Though Mr. Pinter eventually became her stepfather, her literary tastes ran more toward another Harold — Robbins.
“He really had a grasp of how people could have it all, and it was never enough,” she said.
Before marrying Jean-Pierre Cavassoni, she had high-profile dalliances of her own, with Mick Jagger and the punk polymath Malcolm McLaren, who said “‘I love you, Natasha, because you take the cobwebs out of my brain,’” she recalled. “How many times did I hear about Sid Vicious’s mother carrying around his ashes and dropping them in the fish and chip shop?” She made a brisk “get on with it” motion.
On her right wrist glittered a bracelet of facing serpent’s heads, a gift to her mother from the English decorator Nicky Haslam, which Ms. Fraser-Cavassoni purloined in part because it reminded her of her twin teenage daughters, born in the Year of the Snake. “Sometimes they hiss,” she said. On the table idled a Chanel purse circa 1990, covered in Warhol-inspired splotches, the spoils of an apprenticeship to Karl Lagerfeld. “From the first collection I worked on,” Ms. Fraser-Cavassoni said. “Isn’t that funny?”
A plate of cookies had been brought over. Ms. Fraser-Cavassoni ignored them but insisted the maître d’ let her take a photo of “After Andy” in the pastry case, artfully nestled between the profiteroles and the opera cakes.
She strode out onto Madison Avenue, toward the Brutalist but blissfully chilled building of the Met Breuer, the contemporary outpost of the Metropolitan Museum that once housed the Whitney Museum of American Art. There were major Warhol shows there in 1971 and 1979, the latter including a series about Mr. Jagger.
Today Ms. Fraser-Cavassoni was pleased to see an exhibition devoted to the Austrian-Italian architect Ettore Sottsass, the founder of the Memphis Group of design championed by Mr. Lagerfeld and another mutual friend, Jean Pigozzi, the businessman and collector who once held a majority interest in Spy magazine.
“I spent a weekend with him — several, actually,” she said of Mr.
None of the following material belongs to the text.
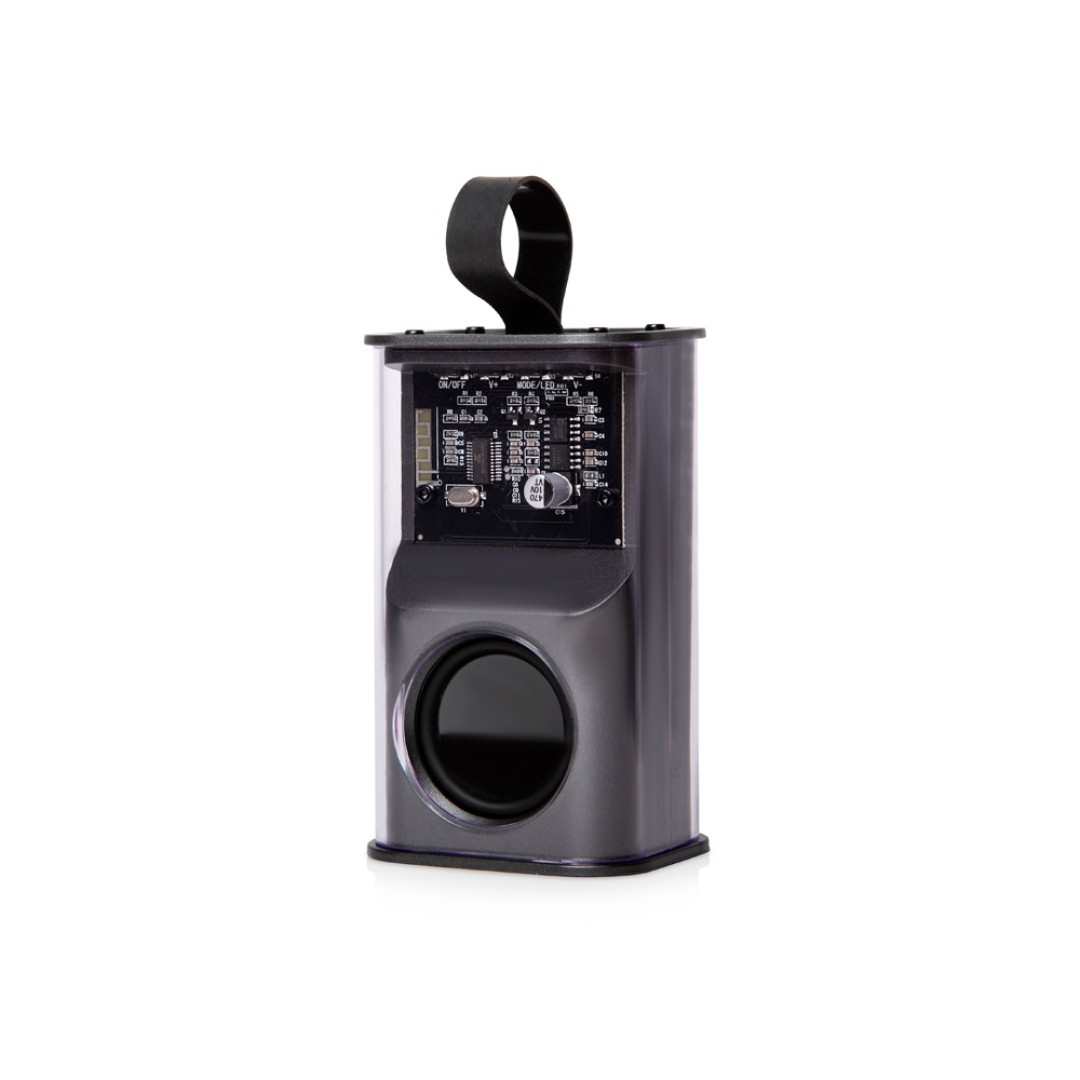 Колонка с RGB подсветкой "Sona", черный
Sottsass, stepping into the large elevator.
Upstairs, her peep-toe espadrilles padding quietly on the stone floors, Ms. Fraser-Cavassoni examined a large abstract necklace (“kind of Egyptian,” she said) and some garish prints. “I feel for very rich people, art is their couture,” she said. “I can’t afford it.”
There was a dresser in the shape of an ornate cathedral laid on its side, and a rather penitent-looking single bed. “I’m tempted to lie on that,” she said, “but I won’t.”
On a nearby screen, images of Mr. Sottsass with Einstein-like mustache were flashing. “He was grumpy,” Ms. Fraser-Cavassoni whispered. “I remember him saying in Italian that I spoke too much.”
But when a 1999 drawing of his titled “Electronic Instruments For the Production of the Ego” popped up, she turned magnanimous.
As with Warhol, she said, “I didn’t realize to what point he was prophetlike.”